I am working on a prototype for the below mentioned abstract requirement
- Clients upload *.vcf files into our portal
- The system will process VCF and parse the data to send it into some database(Yet to decide)
- Clients will use the API's to the request for filtered data across patients or for a given patient (Variant data)
We are evaluating what would be best practice in storing genomic data and how the current vendors are doing the same. I am thinking of using MongoDB as there will be a lot of querying on the variants.

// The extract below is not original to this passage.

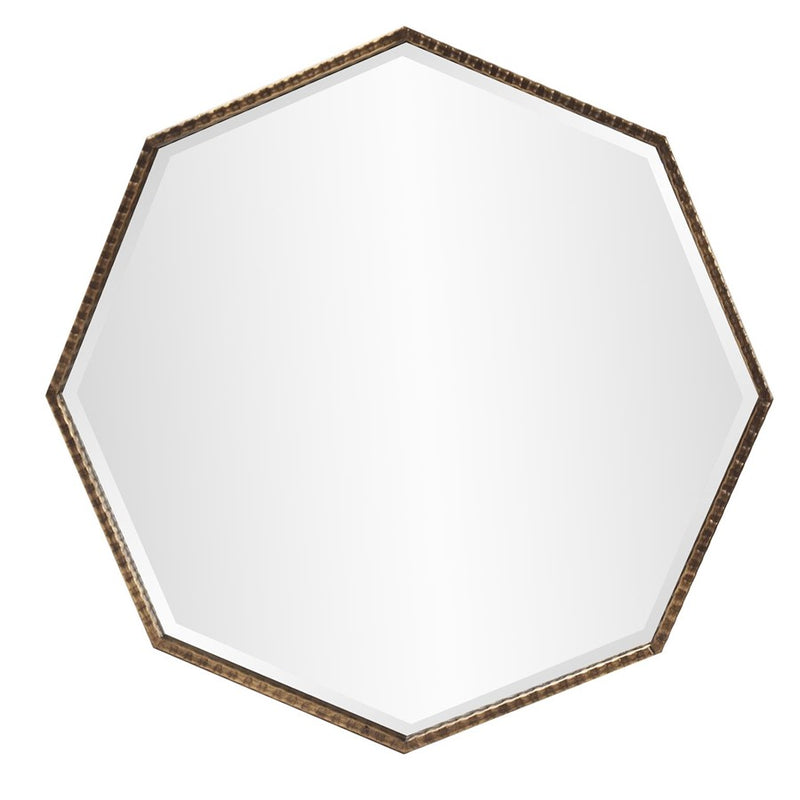 Howard Elliott Bastian Octagon Mirror, Antique Bronze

I did some research on what is Exome Sequencing, GATK, VCF file formats but before we start with something I wanted to weigh in experts advice. Also, I am not sure how complex the client's queries would become or how practical it would be helpful to the research. These are two questions that I am trying to gather more information before we start with the prototype. Any help or suggestions would be of great value to us. I have less knowledge on Genomics however I am willing to learn anything that is required to accomplish this project.
Thanks a lot for your response. I am going through the application. Below are few more questions on this topic. Also the volume of the data would be growing high every year. We are looking at processing 10000+ samples (Exome) and the outcomes would be VCF which will be given to us by the clients with some upload portals etc. Our work starts from here. 1. We are looking for a way to parse data with good quality parser in the market that can be reused here. 2. My struggle is with right set of tech stack required to manage such kind of transactions
Just to add to the edit I made to the answer: The processing of the VCFs doesn't have to be straight away, you could set up a scheduler to process the files later, and probably just as important to re-annotate the variants on an ongoing basis (keeping the original version).